C’est dans cette ville où la neige s’annonce timidement malgré un soleil intermittent, dans ce pays qui a élu et réélu quelqu’un qui s’appelle Barack Hussein Obama, dont le père n’est même pas Américain, que parviennent les échos des excès de Gaston Mbengue sur les Dias. Avec Obama, les Américains ont donné au monde une leçon d’ouverture. Si Obama était Français, tout le débat aurait porté sur son nom et ses origines, et surtout le fait que ses prénom et nom ne soient pas assimilables, ou tout simplement il serait présenté comme l’exception en matière d’intégration.

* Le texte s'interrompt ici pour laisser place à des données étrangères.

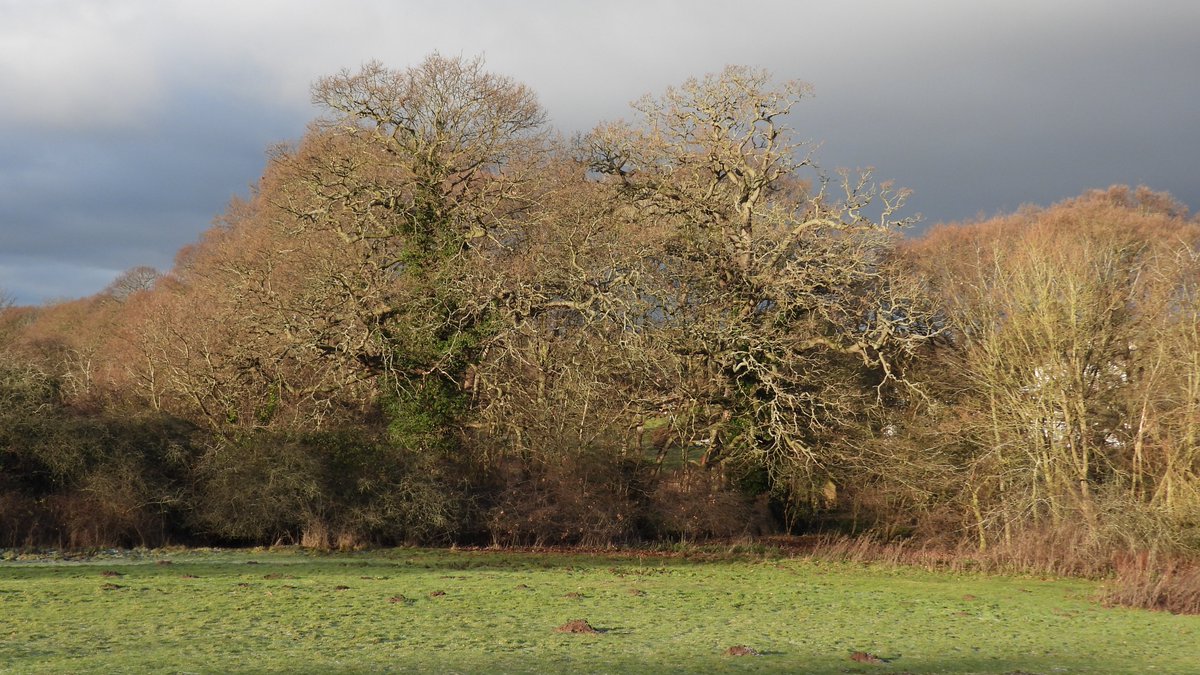 Martin Seuneke on Twitter "Todays walk in Gunton Woods nr Lowestoft woodland trees"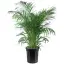 Areca Palm-placeholder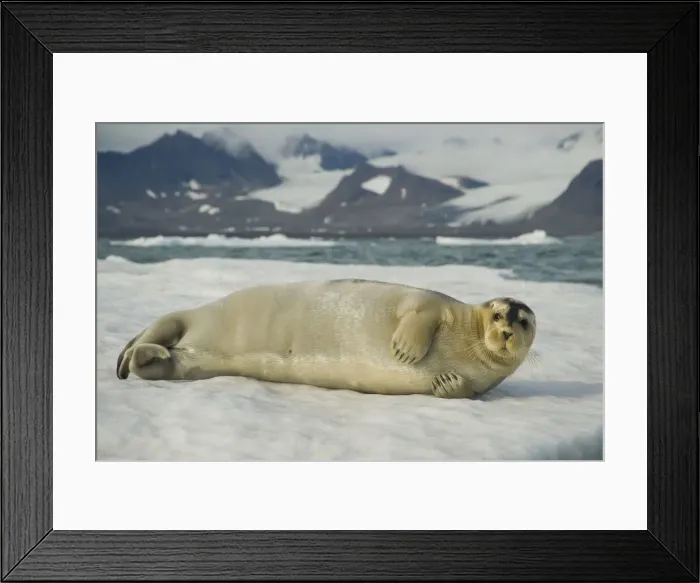 Framed Print : DDE-90034326 Framed Print : DDE-90034326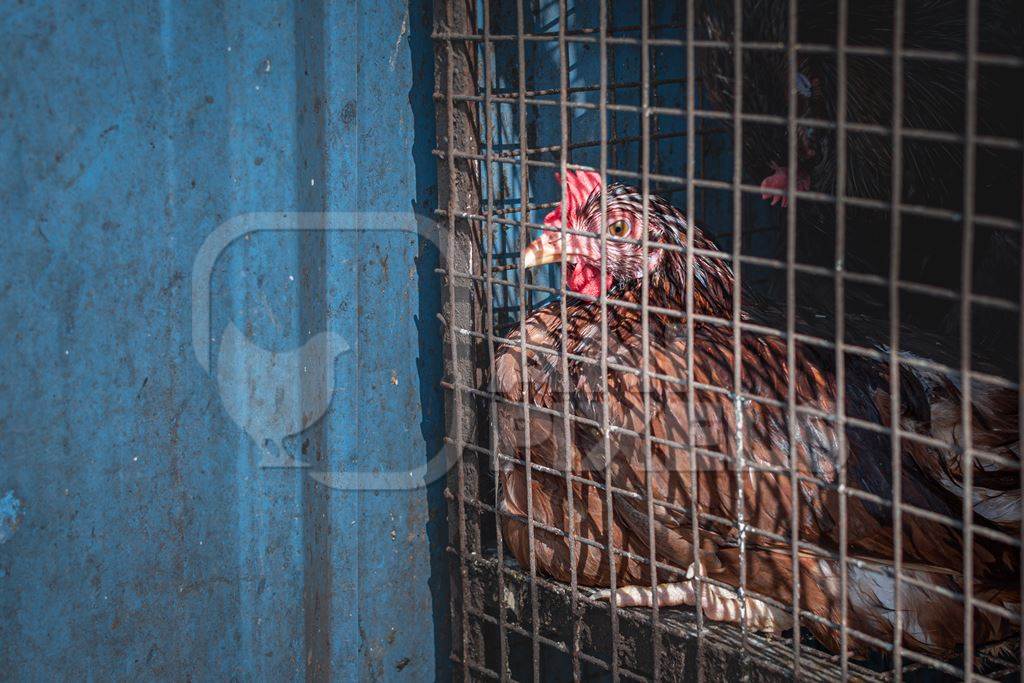 Indian chicken in a cage outside a chicken meat shop, Pune, India, 2022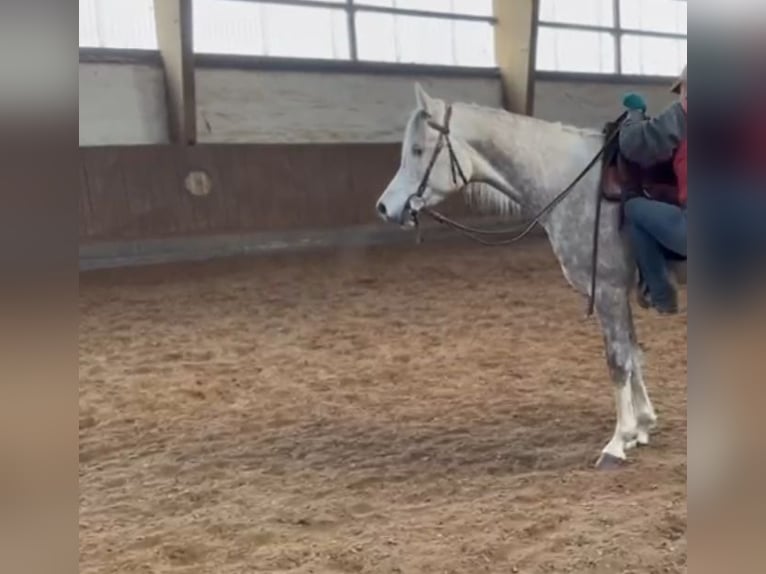 Arabian horses Gelding 4 years 15,1 hh Grey in Hilden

Ne parlons pas du Kenya, où on l’aurait renvoyé à l’ethnie de son père ou à son manque d’indigénéité, comme le fait Gaston Mbengue avec Dias, oubliant que la Nation est un commun de vouloir de vie commune, mais aussi «le partage d’un antique cimetière», comme dit Péguy. De ce côté-ci de l’Atlantique, on ne demande pas aux immigrés de s’intégrer ou s’assimiler. Au contraire, on leur demande de rester eux-mêmes, garder leurs cultures, qui sont considérées comme des diversités qui enrichissent l’Amérique car, dès qu’on est Américain, on n’a plus besoin de donner des preuves d’intégration ou d’assimilation. Le communautarisme, considéré comme une menace en France, est valorisé ici, où coexistent harmonieusement Chinatown, Little Senegal…, et des quartiers latinos.

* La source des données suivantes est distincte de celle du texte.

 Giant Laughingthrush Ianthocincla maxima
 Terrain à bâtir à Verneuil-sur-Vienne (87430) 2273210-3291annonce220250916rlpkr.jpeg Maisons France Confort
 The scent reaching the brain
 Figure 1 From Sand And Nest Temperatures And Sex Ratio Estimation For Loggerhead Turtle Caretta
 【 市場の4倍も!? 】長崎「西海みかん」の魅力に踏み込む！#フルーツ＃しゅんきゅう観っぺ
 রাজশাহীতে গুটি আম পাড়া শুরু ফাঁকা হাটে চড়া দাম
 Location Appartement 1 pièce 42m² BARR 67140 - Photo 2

Celui qui a eu l’idée d’appeler New York, Empire state, a eu une intuition géniale, parce que New York est un véritable empire qui, par définition, n’a pas de frontières. Toutes les nations sont dans les rues de New York, où on parle toutes les langues et l’on voit tellement de drapeaux dans les rues, pas seulement au siège des Nations unies. Etre Américain, c’est simplement avoir la nationalité et l’esprit américains. C’est cette ouverture qui est le grand avantage de l’Amérique dans la compétition mondiale et qui lui permet d’aspirer autant de talents, qui viennent du monde entier et deviennent plus Américains que les Natives, parce qu’on ne leur demande jamais de justifier leur américanité ou ne leur impose une querelle des allégeances entre leurs origines, leurs cultures d’origine, leur religion et l’Amérique, comme le fait la France de Zemmour et Le Pen.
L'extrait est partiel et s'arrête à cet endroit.